Yes/No: The "I" in IT

My wife and I were travelling in the car this morning listening to CBC Radio One as we usually do. We were listening to an excerpt highlighting a lawyer questioning a witness at an inquiry about the use of Agent Orange in New Brunswick since the 1950s. This particular lawyer, like every stereotypical lawyer, insisted that the respondent answer either yes or no. At the time, I commented to my wife that lawyers idiotically simplify reality by insisting on yes-and-no answers to questions when reality is not so binary.

Later in the afternoon, I was watching a taped lecture by a visiting physicist at the Perimeter Institute by the name of Anton Zeilinger from the University of Vienna. Imagine my chagrin when I looked up an article he recommended we read from the NewScientist entitled “In the beginning was the bit”. Why? Because in that article the author summarizes one aspect of Zeilinger’s theory with the phrase “we can only interrogate nature the way a lawyer interrogates a witness.”

Not only does Zeilinger apparently take me to task for disparaging lawyers the way I did this morning, but he also reminds me that the “I in IT” is information. But perhaps I’m taking this too personally. Zeilinger is important because he answers fundamental questions about why physics is quantised (light comes in photons, electrons come with fixed energy levels, etc).

But it isn’t because he is acting like a prosecuting attorney in a court of physics by demanding yes-and-no answers. In fact, there is nothing really new about an information theory which suggests bits of information can be reduced to 0s and 1s – that’s simply classical information theory. Zeilinger (and his partner Brukner) has proposed another measurement called total information in which the information about an entangled 2-bit pair always includes the effects of measurement. In other words, the total information content in such a system always comes to two bits, not one. This is what physicists call an Urprinzip, or foundational principle for quantum mechanics. It may become one of the key principles of the 21st century.

This makes me much happier. The reason why lawyers ask for yes-and-no answers to their questions is because they want to reduce reality, presumably to make it easier for either the judge or the jury to make a decision about guilt or innocence. In that endeavour, it is obvious to most people that they are distorting reality to achieve their goals.

But physicists and IT managers do the same things, albeit with different tools. When a physicist measures an elementary system, he/she can only answer one question with a yes-or-no answer. The rest is uncertain (Heisenberg’s Uncertainty Principle). Classical computers and classical IT managers work along these lines too. Classical computers only deal with on/off, yes/no, true/false. IT managers draw process diagrams and flowcharts all of which are predicated on yes-and-no answers too. So, really, our technology and our managers are no better than the lawyers.

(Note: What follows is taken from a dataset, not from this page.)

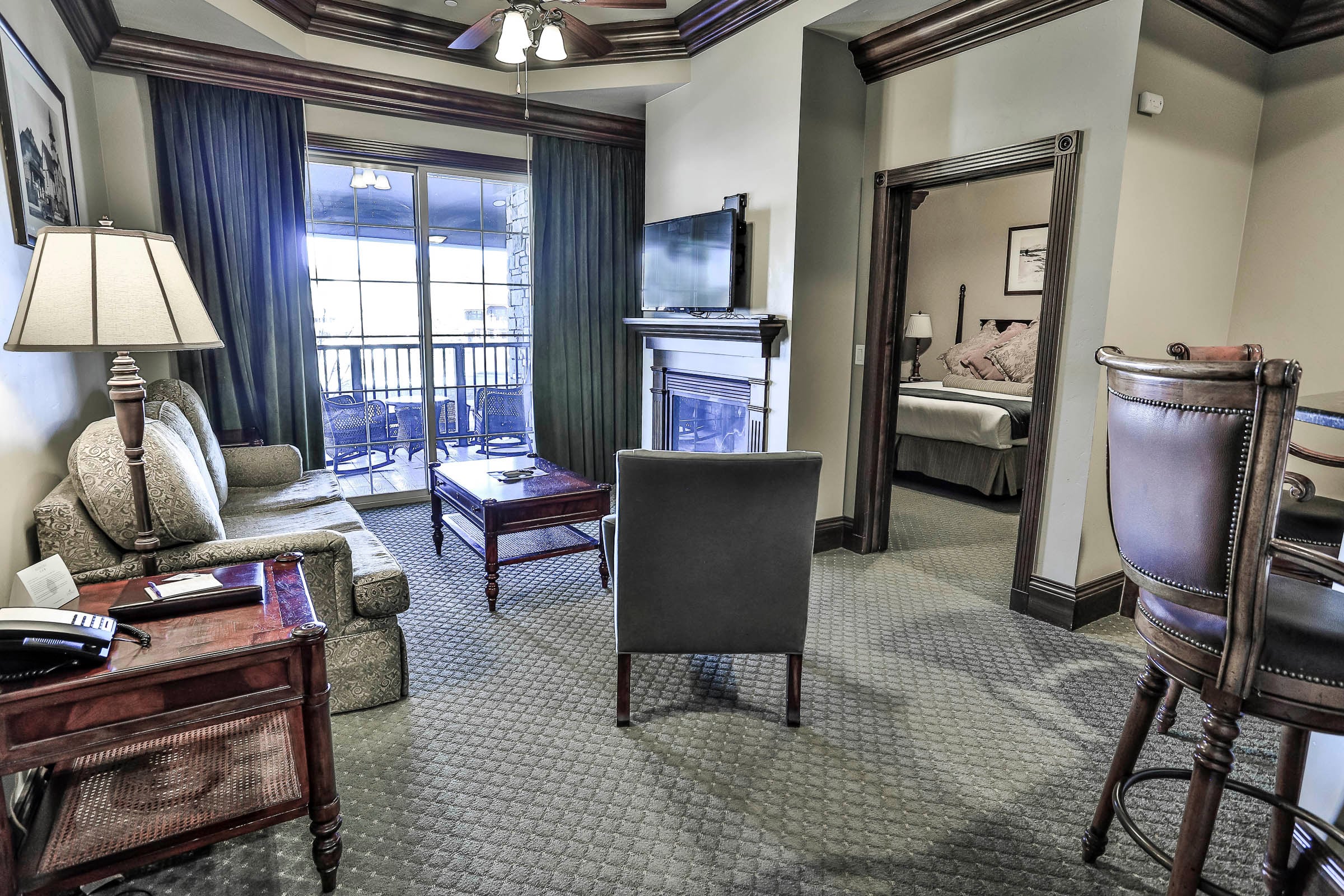 A hotel living room furnished with a sofa, coffee table, fireplace, and TV, opening to a balcony and a bedroom, featuring elegant decor. Text:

Quantum physics, and perhaps all reality, Zeilinger argues, has to work this way. What this means, then, is that information itself underscores everything we think we know about reality. The RBQ (Really Big Question) therefore becomes not “What is an elementary system?” but “What can be said about an elementary system?”

I really don’t know what all this means in practical terms for the everyday life of an IT Manager, but it is somehow comforting to think that there may be good reasons why reality at all levels is so uncertain, so complex, and so human.